By Lisa M. Goetz
Leonard Tannenbaum, CEO of Fifth Street Finance, decided to take a calculated gamble after a discussion with his poker buddy — converting his third private fund into a business development company (BDC) in 2008. That friend, David Einhorn, founder and president of Greenlight Capital Inc., told Tannenbaum he would be successful as long as he stuck to three tenets: transparency, discipline and marking the book appropriately.
Tannenbaum, on this year’s Forbes list of “America’s 20 Most Powerful CEOs 40 and Under,” founded his first private investment firm in 1998. That firm eventually became Fifth Street Finance, a specialty finance company that lends to and invests in small- and mid-sized companies, primarily in connection with investments by private equity sponsors. Prior to launching Fifth Street, Tannenbaum gained small company experience as an equity analyst for Merrill Lynch.
“In 1998, we raised a small fund of about $30 million that made investments until 2004. In January 2005, Fifth Street Mezzanine Partners II was launched — our second fund that reached $157 million and included institutional investors like DuPont, Sumitomo Bank and WP Global, along with numerous high net worth individuals and family offices. That fund basically finished investing in March 2007, when we began raising a third fund,” Tannenbaum says.
Then came the conversation with Einhorn, during which Tannenbaum asked about the drawbacks of starting a business development company. “David essentially told me that it would be more difficult to fundraise. As CEO of a public company, I would be subject to far more scrutiny, but he said I could handle it. Sure enough, it was more difficult, but we raised $173 million through great investors like Genworth, RGA, Westfield and numerous high net worth families that again came to invest.

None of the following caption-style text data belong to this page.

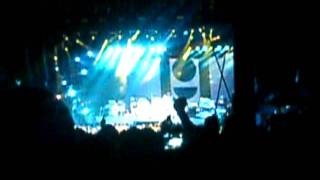 9-3-11 Chris Cornell w/ Pearl Jam -Stardog Champion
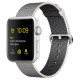 Смарт-часы Apple Watch S2 38mm Silver Al/Pearl (MNNX2RU/A)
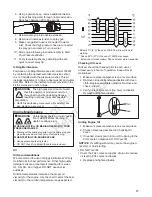 Предварительный просмотр 17 страницы Troy-Bilt 020676 Operator'S Manual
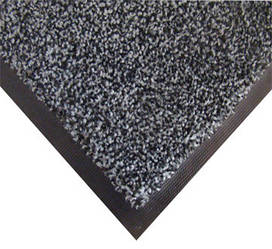 Брудозахисні килимки нейлонові серії Бронкс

And, typical to my fashion, I put all of my own assets into Fund III, and I bought $10 million of pre-IPO stock. We had Goldman Sachs as a lead underwriter, and they had not been an underwriter for another BDC in about 12 years. We had Wachovia and UBS as bookrunners and Stiefel Nicholas as a co-manager rounding out a very strong cover,” he explains.
“In addition, this new public entity to be called Fifth Street Finance Corp. was all set up and ready to go public. Despite a very turbulent economic climate, we approached the SEC in January 2008 — and then the world collapsed. We actually went public in June 2008. There were only two financial services firms that went public that year — Fifth Street Finance and Visa,” Tannenbaum adds.

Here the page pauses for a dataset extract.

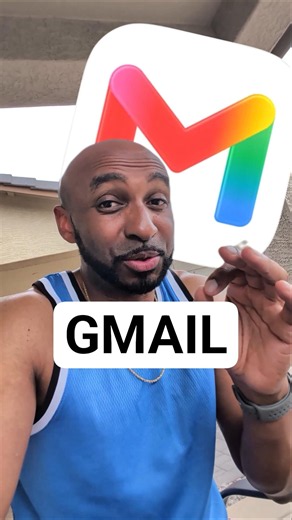 Google Gmail Smart Feature ✨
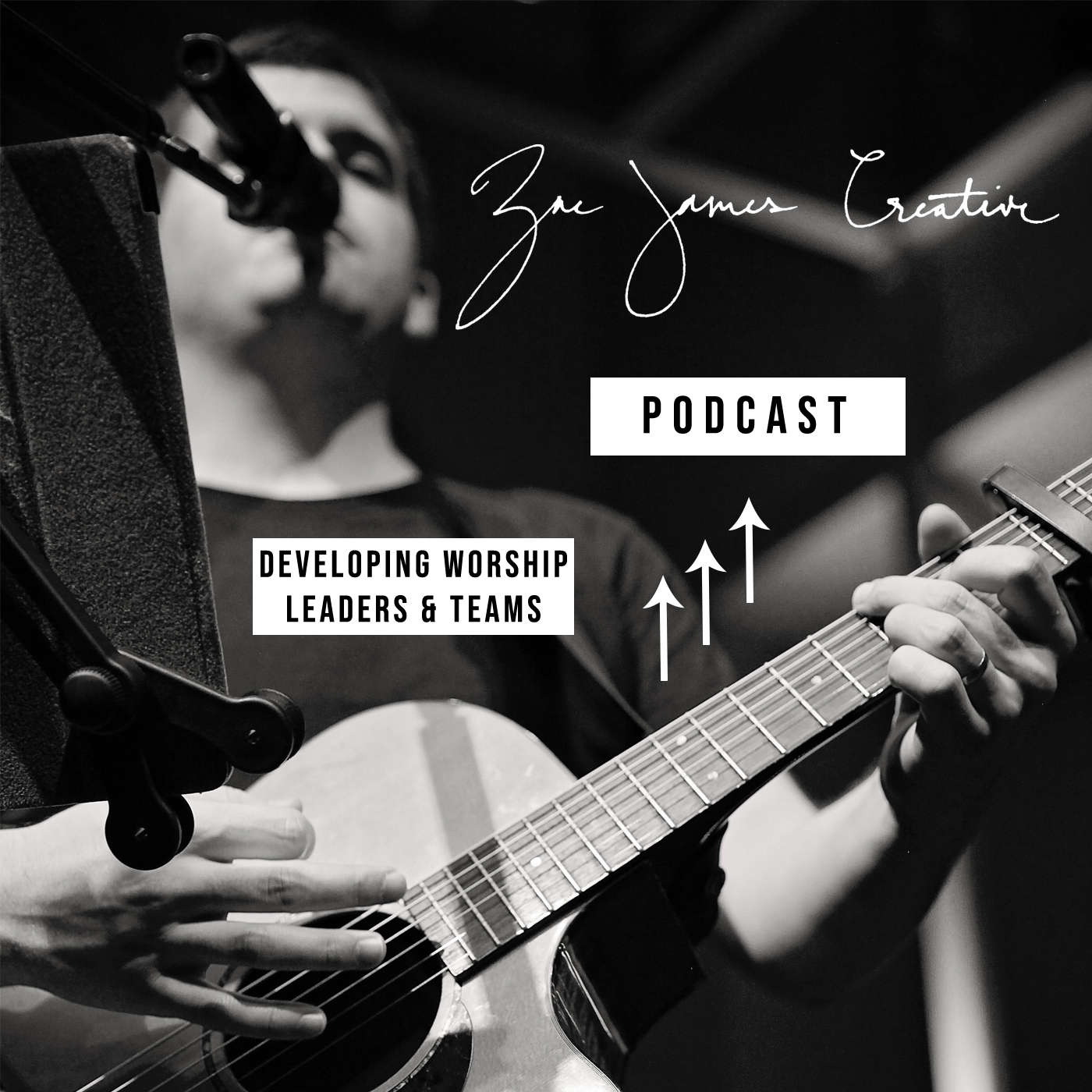 Developing Worship Leaders & Teams (And Why It Matters)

When asked how becoming a CEO of a publicly traded company has changed his life, he reveals that the role is a natural fit for him because he enjoys marketing, planning for the future and asking people for their opinions. “I like discussing things. Because I like marketing and talking to people, we ensure compliance with U.S. Securities law through transparency. We disclose more information and more often than our peers. What I really like about being public is that I’m a planner. I like planning three to five years out for the company, and we have a detailed plan that I adapt every year and present to the board of directors and senior partners.”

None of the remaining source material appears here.